The Ops Community ⚙️

Cover image for Unlocking Alerts and Managing Noise with PagerDuty’s dedup_key
Mandi Walls for PagerDuty Community

Posted on

Unlocking Alerts and Managing Noise with PagerDuty’s dedup_key

When a system sends events to PagerDuty, how does PagerDuty know that the alert represents a new problem or a continuing issue? PagerDuty provides several methods for grouping the alerts, either via explicit configuration with Event Orchestrations or Content-Based Alert Grouping or through the use of machine learning (eg, Intelligent Alert Grouping).

You can also get started gathering up related alerts into a parent incident using the dedup_key.

Events -> Alerts

When PagerDuty receives an event, maybe via the events API or an integration, that event is translated into an alert.
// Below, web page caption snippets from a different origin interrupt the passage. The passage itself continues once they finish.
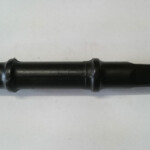 Tretlager-Welle 4-Kant 129mm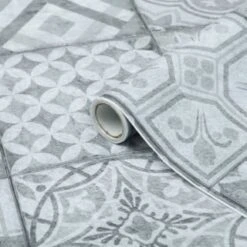 D-C-Fix Self-Adhesive Vinyl 67.5cm X 1.5m - Visby -Stanlty Shop 352944 dc fix visby self adhesive film 67 5cmx1 5m wallpaper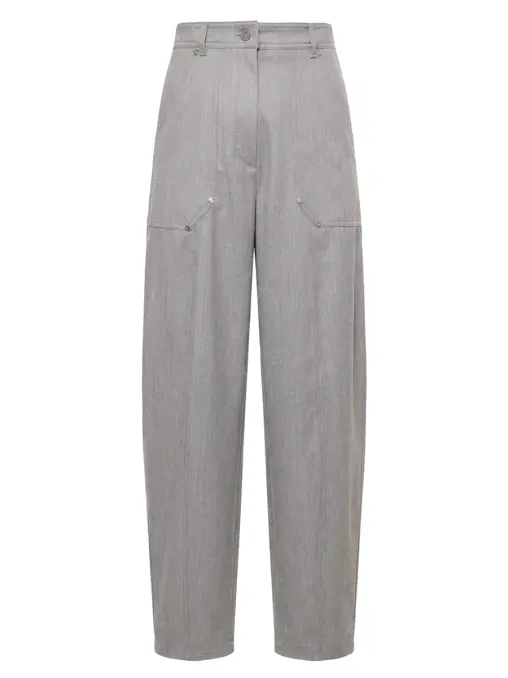 Брюки шерстяные MAX MARA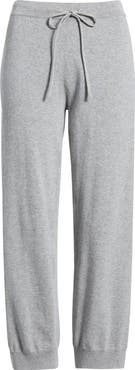 THE GREAT. The Lantern Crop Cotton Sweatpants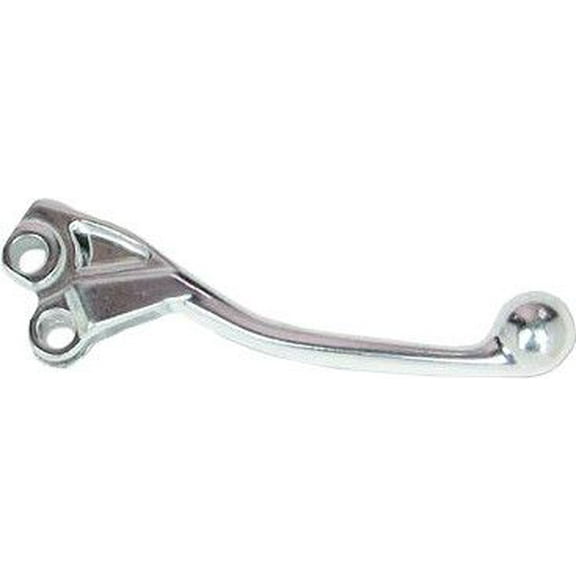 Motion Pro Polished OEM Style Brake Lever for Kawasaki KX80 KX100 KX125 KX250 KX500, Aircraft A-360 Aluminum (14-0319)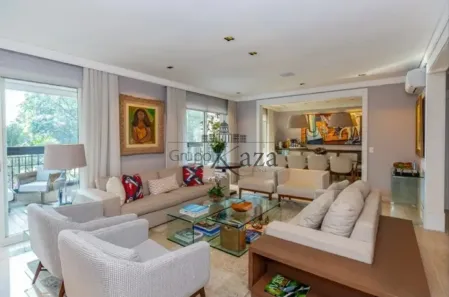 Apartamento com 4 Quartos à venda, 307m² no Moema, São Paulo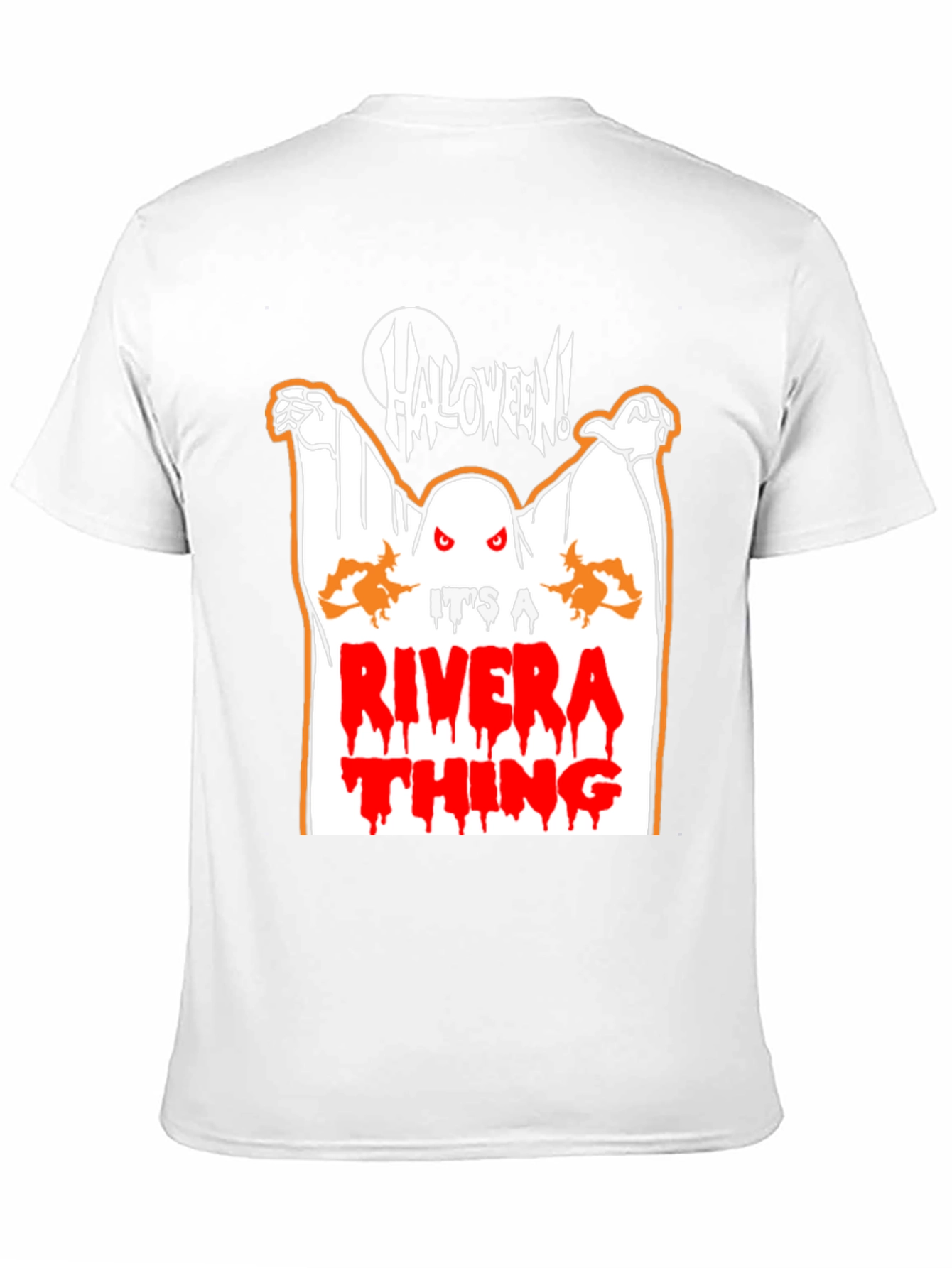 Halloween Rivera Thing Ghost T-Shirt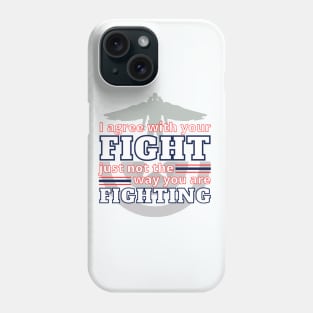 Falcon Fight Phone Case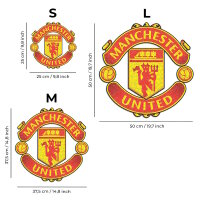 FC Manchester United- Logo - Puzzles en bois
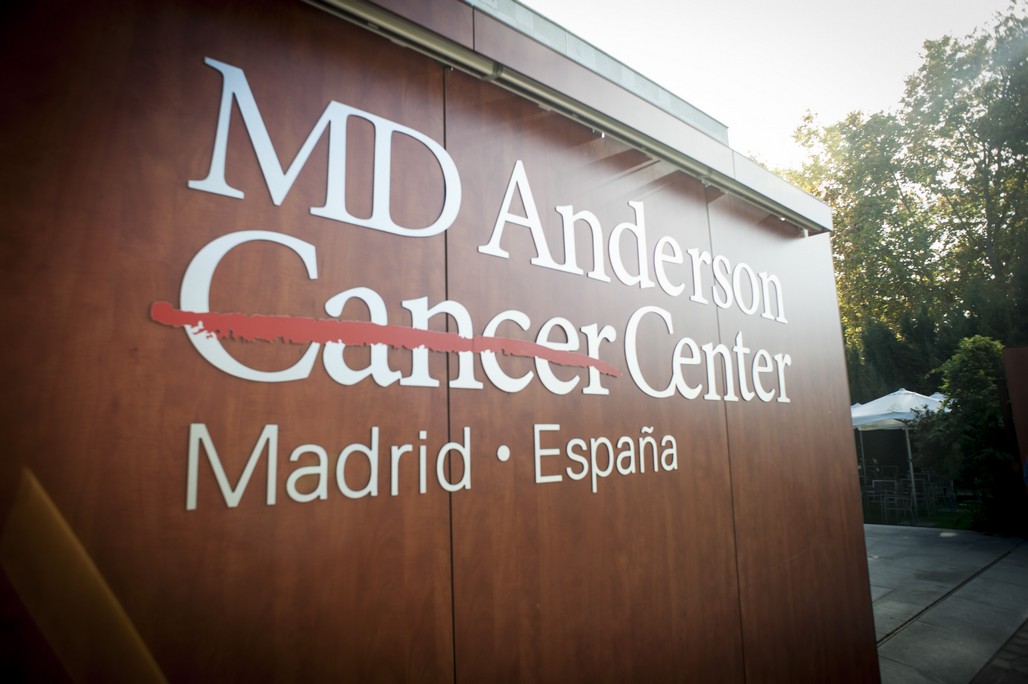 MD Anderson cáncer center Madrid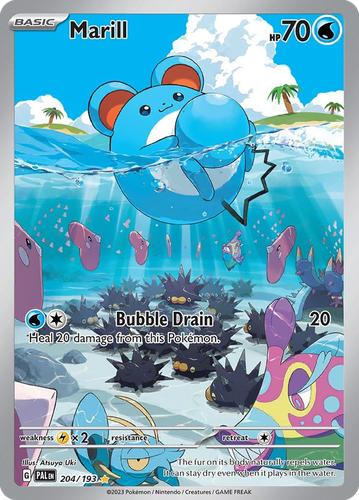 Marill 204, Paldea Evolved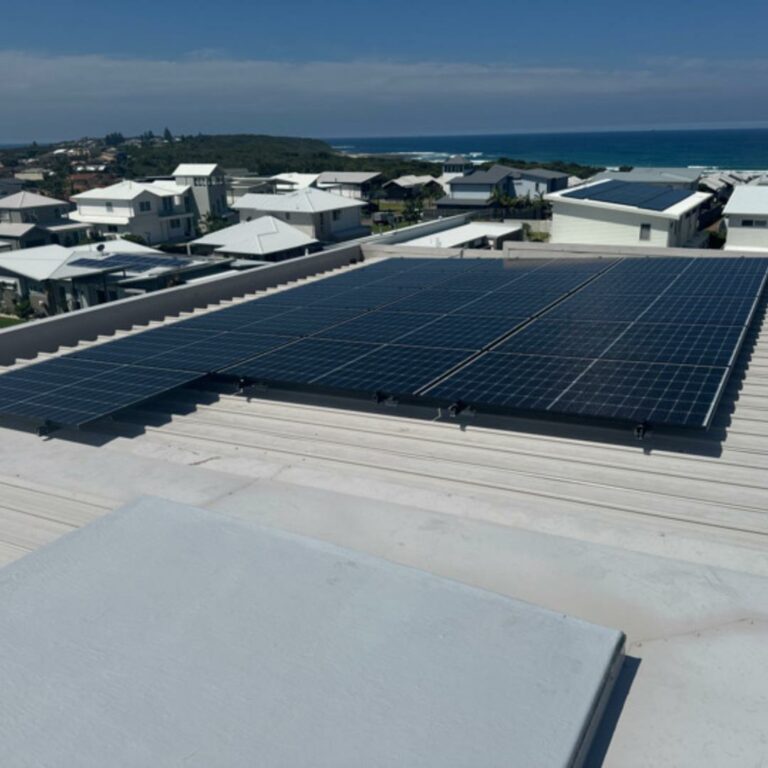 Solar power installation in Caves Beach by Solahart Central Coast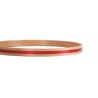WOOD RING DRUMSETS 45.7 Ø X 4.0 CM NATURAL GROOVE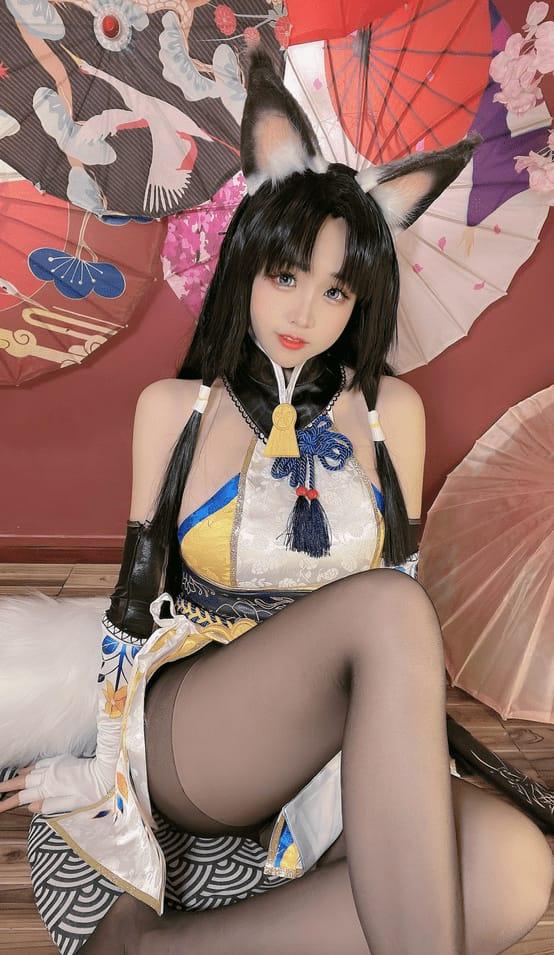 miko酱ww – NO.13 胡桃[44P-587MB]-1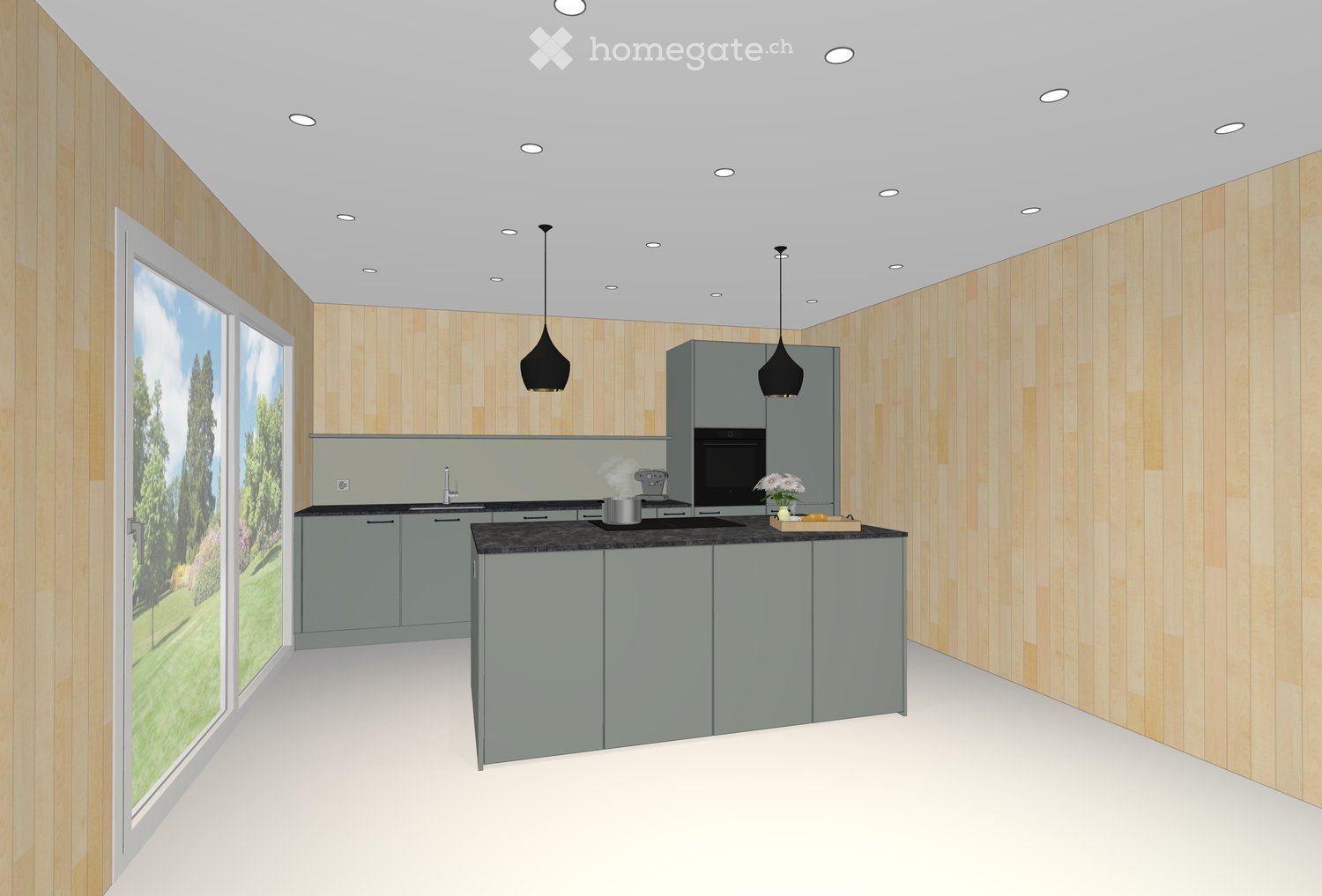 Erstvermietung 3.5-Zimmer-Neubau-Wohnung mit Balkon in Arni - Bild 5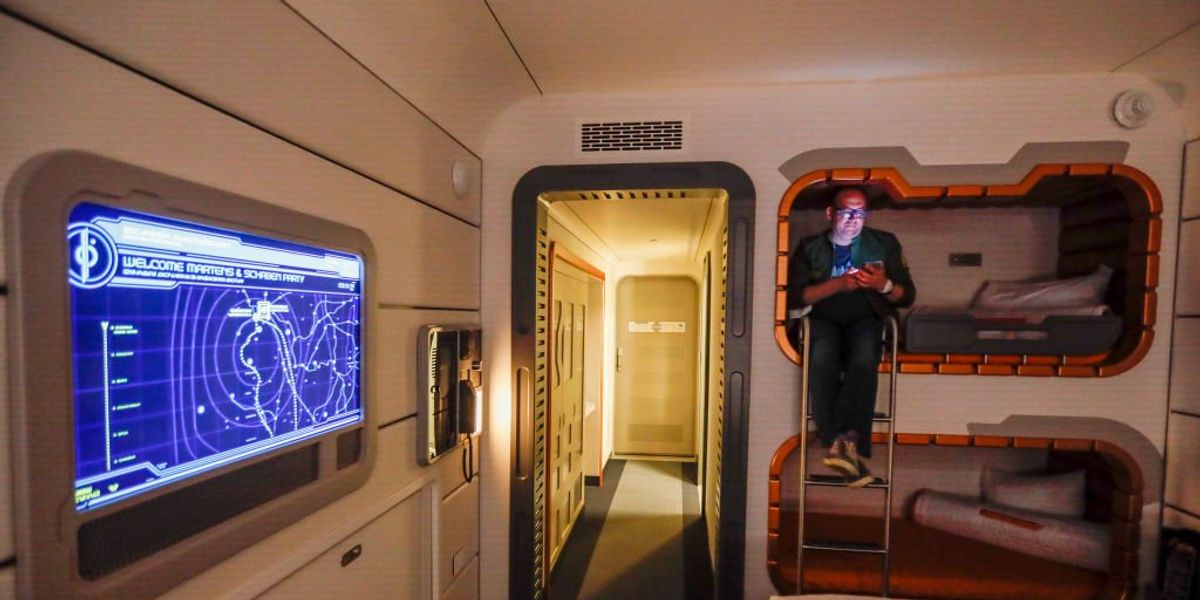 NextImg:Disney's Star Wars $5,000-a-night nerd hotel fails fantastically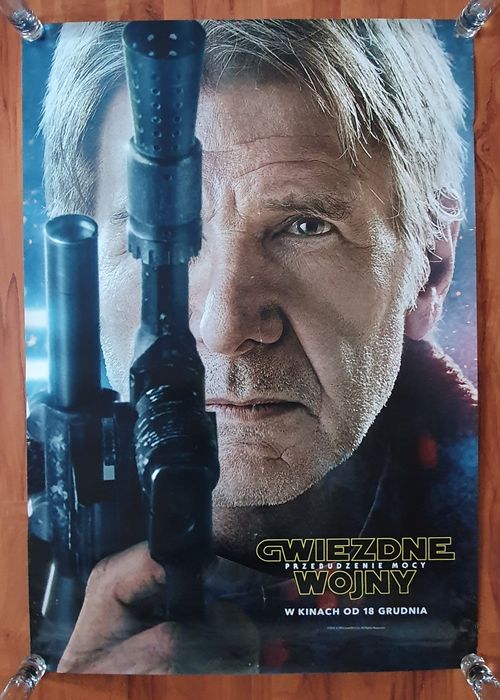 Star Wars  - orginalny kinowy plakat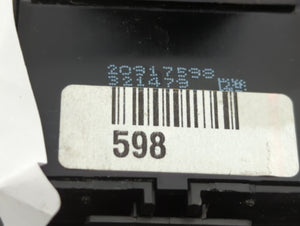 2010-2017 Gmc Terrain Master Power Window Switch Replacement Driver Side Left P/N:20917598 25946838 Fits OEM Used Auto Parts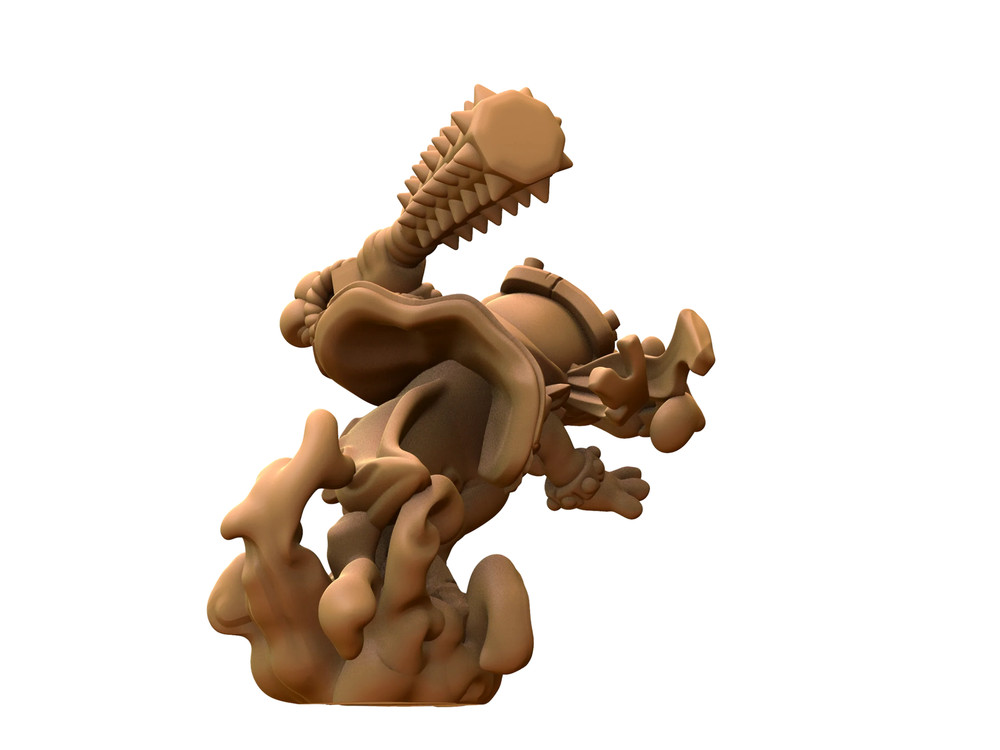 Capsule Chibi - Testubonk Hanzaki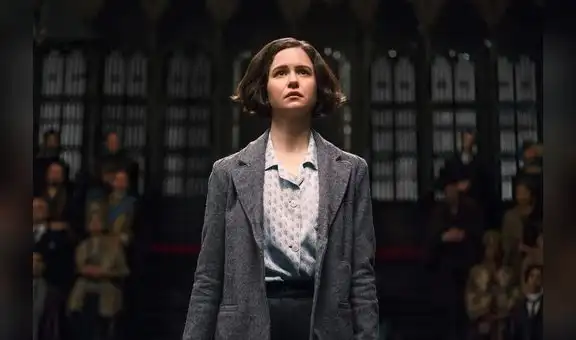 ‘En Los 90’: Así luce Katherine Waterson, la actriz de ‘Animales Fantásticos’ [VIDEO]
Alerts can then trigger incidents on that service.

PagerDuty Event Lifecycle. Events sent to PagerDuty become alerts. Alerts are assigned a severity and sent to a service. An incident is triggered and notifications are sent to responders based on Urgency.
By default, all services are configured to create alerts in PagerDuty.

Events can come from any number of places. Many of the integrations on PagerDuty are for systems that will serve as sources of events, like monitoring tools. Multiple events can be sent from the same source to the same service in PagerDuty. If they all represent the same problem, they should be gathered up in the same event!

If an incident has a number of alerts associated with it, they’ll show up in the Alert Log and can be queried via the /incidents endpoint in the API. You’ll find the Alert Log for a group of alerts by clicking on the Summary of an alert in the Alerts Table.

The Alert Log of a PagerDuty incident in the Web UI. Three alerts are assigned to the same incident. A resolve message is also then assigned to the incident and the incident marked resolved.

What is the dedup_key?

The dedup_key, or “deduplication key” is an optional field in events sent to PagerDuty. Any alert source can set its own key for the events it sends to PagerDuty. If no key is set in the event, PagerDuty will create a new key for that event. In the above screenshot, all the alerts were collected to an open incident using the dedup_key pre-set in the event payload.

You can make things easy on yourself and use strings that have some meaning to the incident response team. The dedup_key value in an event is a JSON string, so most characters are valid.

If an event doesn’t include its own dedup_key, PagerDuty will create one. Those keys are unique UUIDs. They’ll be returned to the alert-sending process in a JSON payload:

{
  "dedup_key":"46bc078e455440bb9d12e67626f5b162",
  "message":"Event processed",
  "status":"success"
}
Enter fullscreen mode Exit fullscreen mode

The sender can store these for use in future related events.

What does it do for me?

The primary function of the dedup_key is to suppress the creation of new incidents from related events.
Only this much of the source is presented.